== WHAT IS EXPECTED ==
Everything from the line with "LSD-25 экстази ecstasy" to the last line of the listing must be retyped exactly, both ends included, with the pictures dropped.

== GIVEN MATERIAL ==

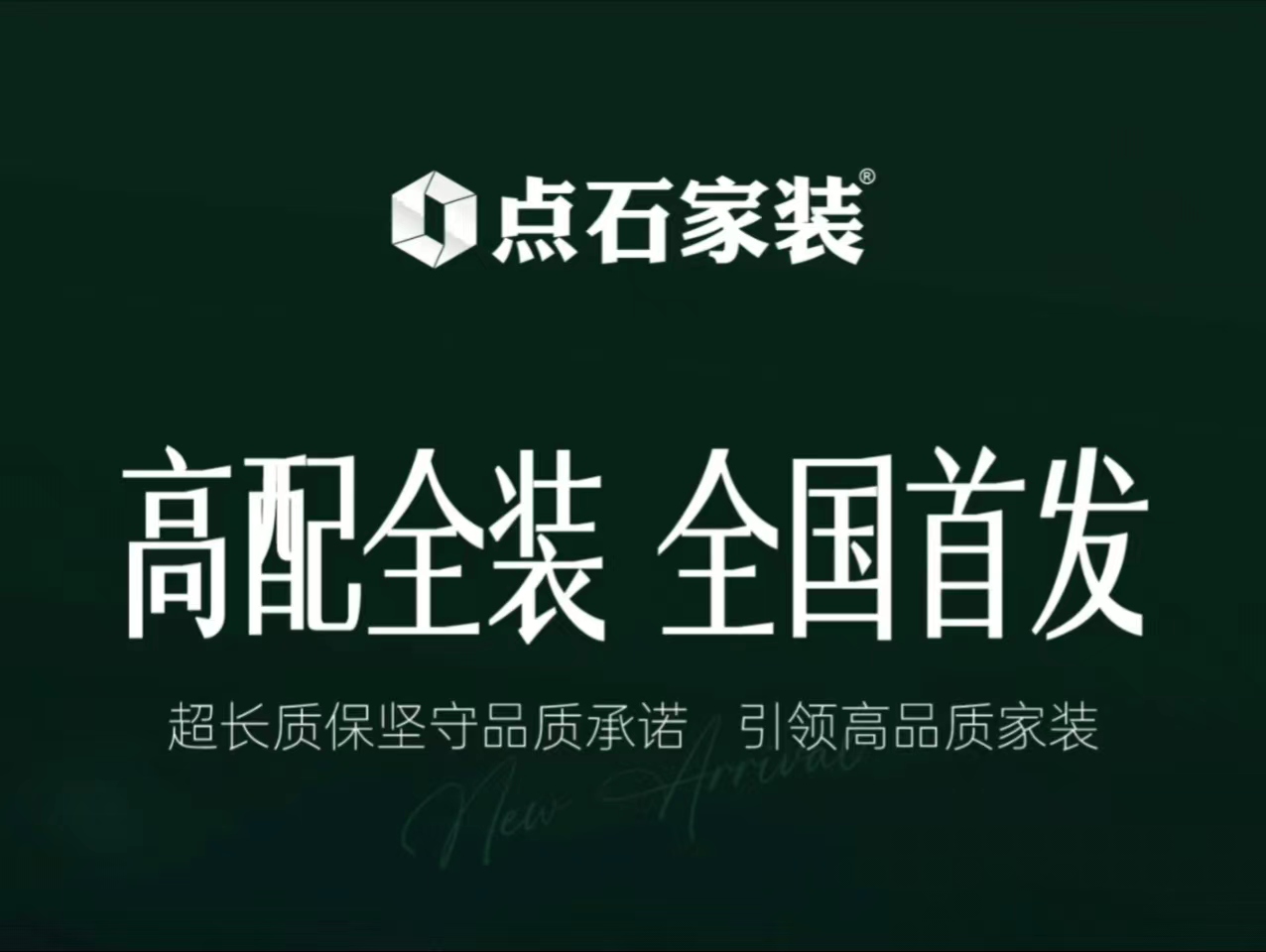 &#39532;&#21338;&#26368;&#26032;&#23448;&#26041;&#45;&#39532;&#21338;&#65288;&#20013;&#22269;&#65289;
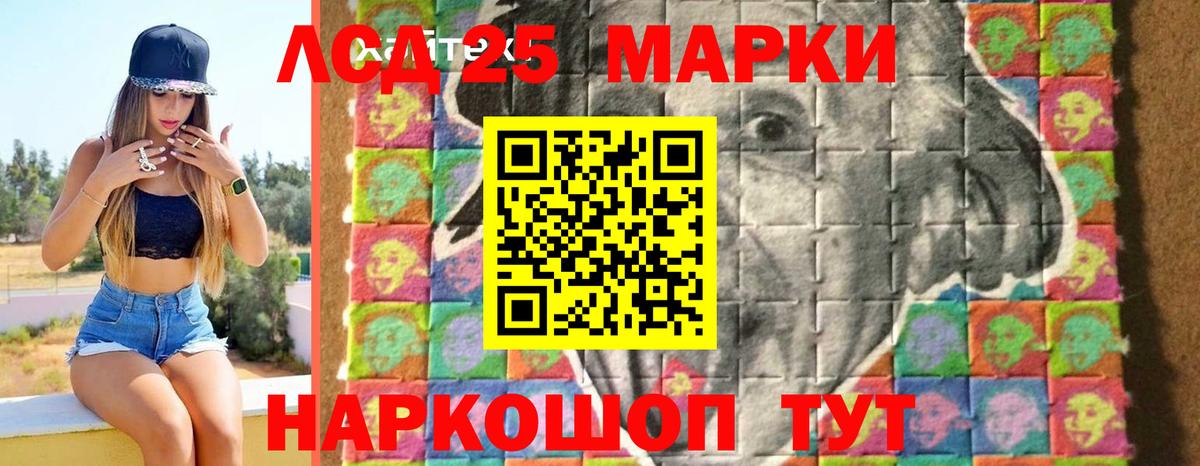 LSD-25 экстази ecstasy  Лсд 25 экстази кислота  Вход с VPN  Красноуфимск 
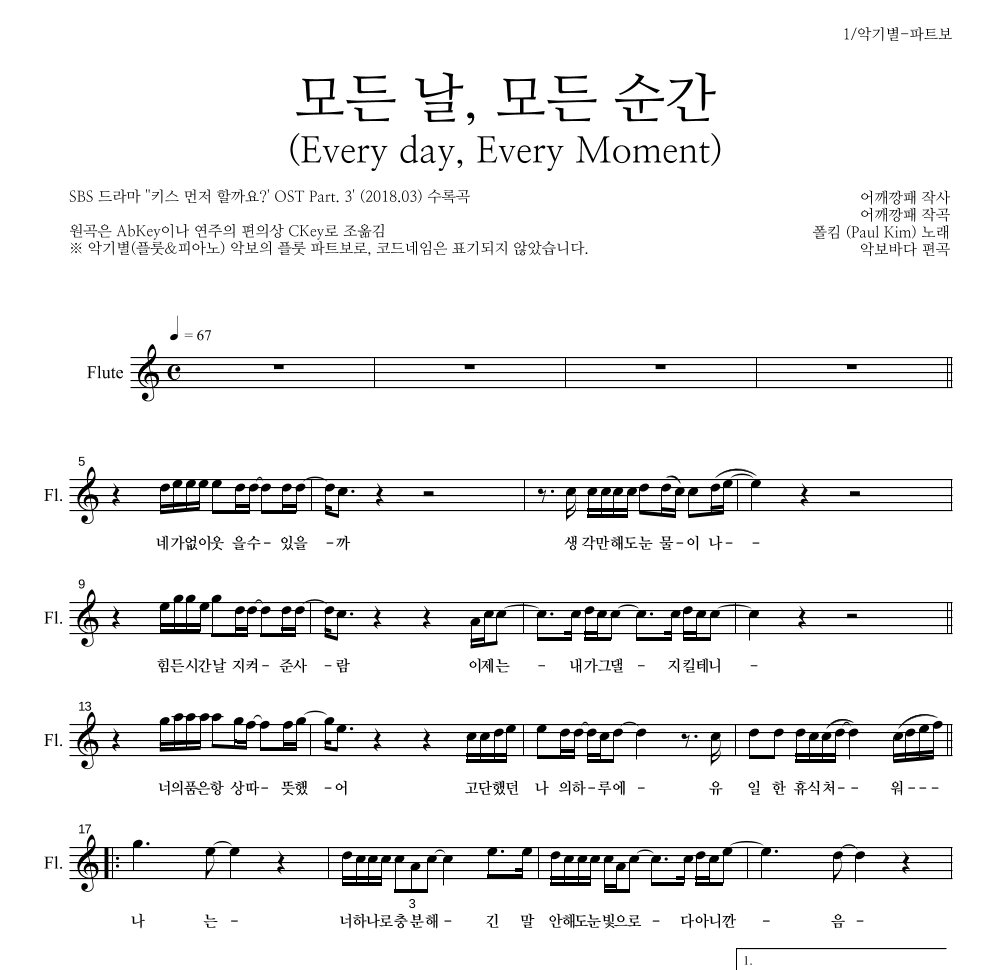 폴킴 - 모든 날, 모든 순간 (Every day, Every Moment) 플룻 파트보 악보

== WORKED SOLUTION ==
 LSD-25 экстази ecstasy  Лсд 25 экстази кислота  Вход с VPN  Красноуфимск 
 폴킴 - 모든 날, 모든 순간 (Every day, Every Moment) 플룻 파트보 악보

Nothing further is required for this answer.